Bis wann rechnen Sie mit einer Verkaufsentscheidung?

Die könnte noch in diesem Jahr fallen, bis zur Sommerpause wollen wir entscheiden, mit welchem Investor verhandelt wird.

Sie fordern personelle Konsequenzen. Wer soll gehen?

Der Vorstand ist ja schon zu einem großen Teil ausgewechselt worden. Aber auch auf der Managementebene darunter wird sich einiges tun müssen. Bei einem Institut, das zehn Jahre mit dieser Firmenphilosophie –wenn man das überhaupt so nennen kann – geführt wurde, muss sich auch weiter unten etwas ändern. Jetzt kann es ja nicht mehr darum gehen, neue Immobilienfonds aufzulegen, sondern die alten vernünftig abzuarbeiten. Dafür braucht man neue Leute.

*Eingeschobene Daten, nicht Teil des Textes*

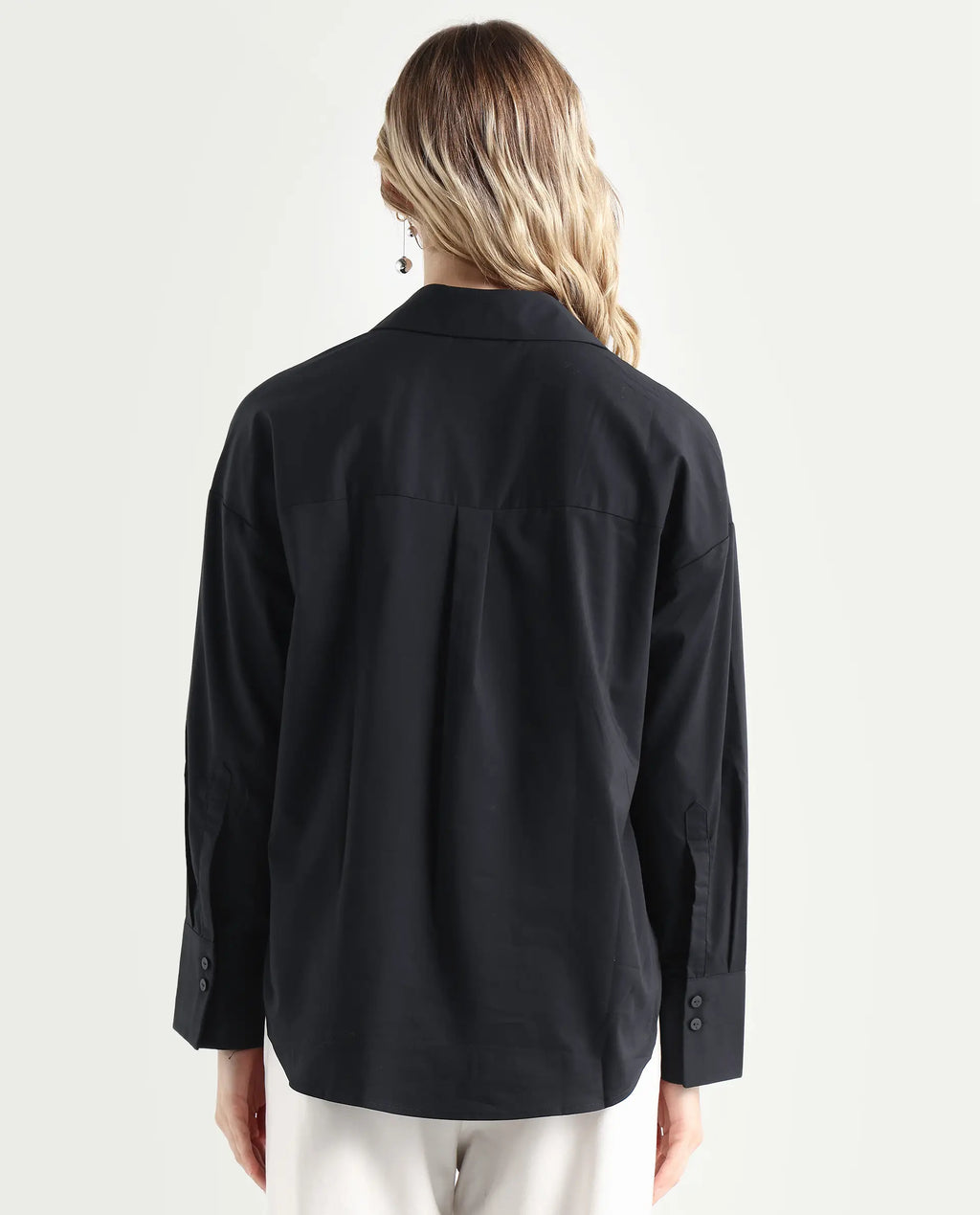 Rareism Women's Klox Black Cotton Spread Collar Plain Cuffed Sleeve Regular Fit Shirt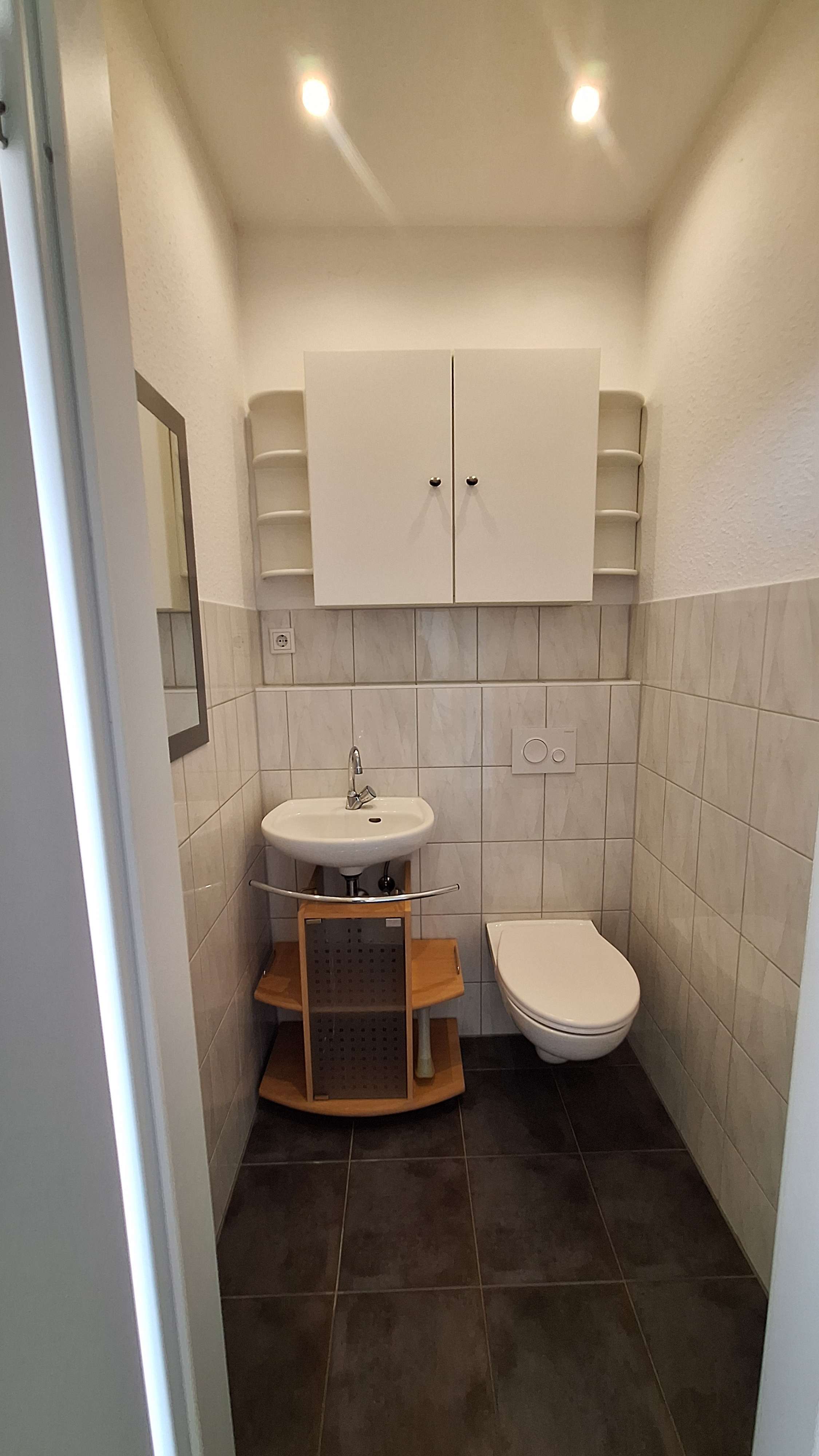 Immobilie in Düsseldorf - D-Eller - MFH mit 488 m² WF und 7 Wohneinheiten - Bild 1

In den nächsten Monaten werden wir Wahlplakate sehen, in denen sich die PDS als soziale Partei darstellen wird. Sie gehören jetzt einem Senat an, der es in der nächsten Woche mit Kita-Streiks zu tun bekommt. Wie passt das zusammen?

Der Warnstreik in den Kitas bezieht sich auf die Vorgabe in der Koalitionseinbarung, dass der Personalschlüssel in den Kitas angepasst wird an den, der in den Schulhorten im Osten schon lange existiert. Das ist keine Verbesserung, aber angesichts der Rahmenbedingungen in der Stadt noch vertretbar. Eigentlich ist die Stadt ja schon nicht mehr handlungsfähig. Ein Teil der Problem ist hausgemacht, aber es hat auch etwas mit den bundespolitischen Rahmenbedingungen zu tun. Die sind eben unzureichend, so dass wir das im Wahlkampf thematisieren werden. Berlin hatte allein durch die Steuerreform Einnahmeeinbußen hinzunehmen.

Auf der Landesebene ist das Verhältnis zwischen rot-roter Koalition und den Gewerkschaften sehr angespannt.

Das ist richtig, und hier sind von Seiten des Senats erhebliche Fehler gemacht worden. In der Kommunikation mit den Gewerkschaften sind einige davon ausgegangen, dass man die Gewerkschaften am ehesten an den Verhandlungstisch kriegt, wenn man eine massive Drohkulisse aufbaut. Das führt zwangsläufig zu Gegenreaktion. Bis heute liegt kein klares Verhandlungsangebot des Senats an die Gewerkschaften auf dem Tisch, statt dessen werden Einzelvorschläge wie die zehnprozentige Lohnkürzung gemacht.

Hat Finanzsenator Thilo Sarrazin damit einen Fehler gemacht?

Es macht keinen Sinn, unabgestimmte Einzelvorschläge zu machen. Der öffentliche Arbeitgeber muss einen Gesamtvorschlag machen, was, wie und wann beim Solidarpakt verhandelt werden soll.

Sie sprechen vom Senat wie von einem unbekannten Wesen. Die PDS ist Teil der Koalition.

Ich bin Fraktionsvorsitzender und habe die Aufgabe, den Senat, wenn es angebracht ist, zu kritisieren. Hier sind Fehler gemacht worden, und der Senat steht jetzt in der Bringpflicht, das Gesprächsklima mit den Gewerkschaften auf eine andere grundlage zu stellen.

Bis wann soll der Senat seine Vorschläge vorlegen? Und was kann er den Gewerkschaften als Gegenleistung anbieten?

Das muss noch vor der Sommerpause geschehen. Grundsätzlich muss es um die Umverteilung von Arbeit und Einkommen gehen, das heißt mehr Freizeit gegen den Verzicht auf Einkommensbestandteile. Wir brauchen einen neuen Anlauf in der Verwaltungsreform. Man kann nur Personal abbauen, wenn man auch die Aufgaben der Verwaltung neu definiert. Wir brauchen aber auch einen Einstellungskorridor, weil der öffentliche Dienst sonst überaltert.